> _Data block_
════════════════════

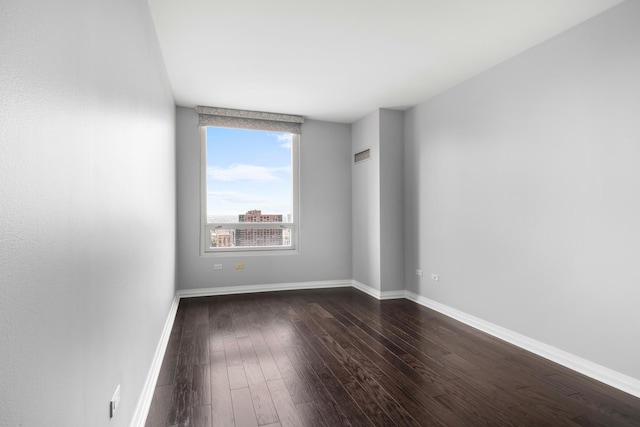 unfurnished room with baseboards and dark wood-style flooring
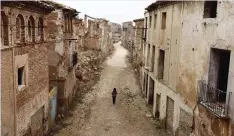  ??  ?? MADRID: Tourist guide Pilar walks down the central street through the ruins of Belchite village, in Aragon. In the lead-up to the forty years since Franco’s death, historians still working to demolish the myths that the Spanish dictator himself had...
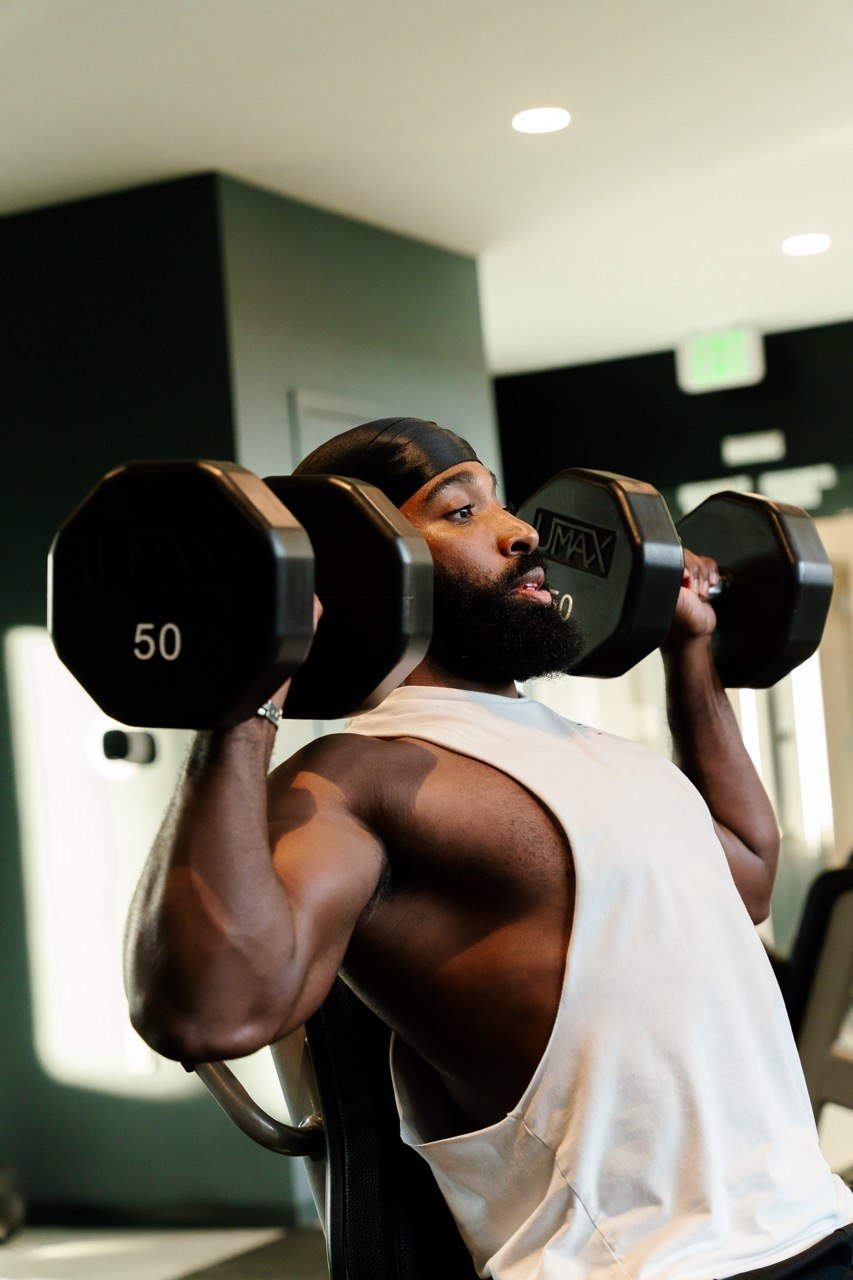 Sampson performing a dumbbell shoulder press for Day 2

════════════════════

> _Work request_
Pictures are to be omitted from the copy. Reproduce exactly, and only, the lines from the one containing "dictator himself had..." to the end of the listing above.

> _Response to the exercise_
  ??  ?? MADRID: Tourist guide Pilar walks down the central street through the ruins of Belchite village, in Aragon. In the lead-up to the forty years since Franco’s death, historians still working to demolish the myths that the Spanish dictator himself had...
 Sampson performing a dumbbell shoulder press for Day 2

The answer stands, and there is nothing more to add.